= Roberto Castillo Udiarte =

Roberto Castillo Udiarte (1951) is a Mexican poet, fiction writer and translator, most notably of Charles Bukowski.

Born in Tecate in 1951, he has spent the last 25 years in Tijuana. His books of poetry include Blues cola de lagarto (1985), Cartografía del alma (1987), Nuestras vidas son otras (1994), La pasión de Angélica según el Johnny Tecate (1996) and Elamoroso Guaguagá (2002). His books of fiction include Pequeño bestiario y otras miniaturas (1982) and Arrimitos o los pequeños mundos en tu piel (1992).
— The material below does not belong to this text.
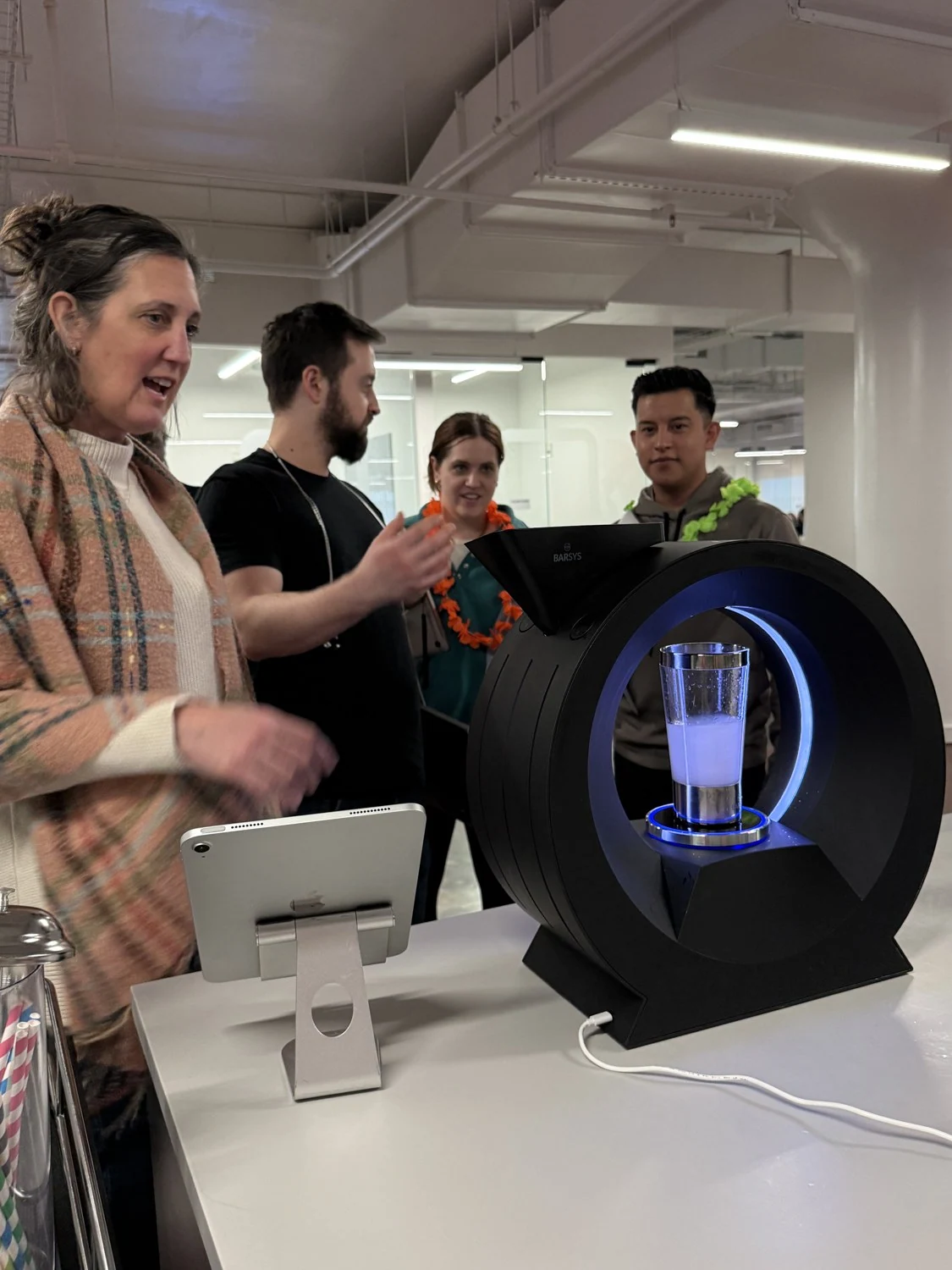 Guests reacting around an illuminated Barsys machine at the BuzzFeed office happy hour.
Udiarte has also published a fictionalized biography of the boxer, Jorge Maromero Paez, Gancho al Corazon: La saga del Maromero Paez (1997). "My writing is a response to what's happening in Tijuana," he declared. "Sometimes it can be Tijuanarchy." La Prensa San Diego has anointed Udiarte “the Godfather of Tijuana’s counterculture,” not a small claim in a city with such a vibrant and funky subculture. He has appeared in English in Stories from Where We Live—The California Coast (Milkweed Editions 2001), Across the Line/Al Otro Lado: the Poetry of Baja California (Junction Press 2002), Puro Border (Cinco Puntos Press 2003), Jacket 21 and Fascicle 3.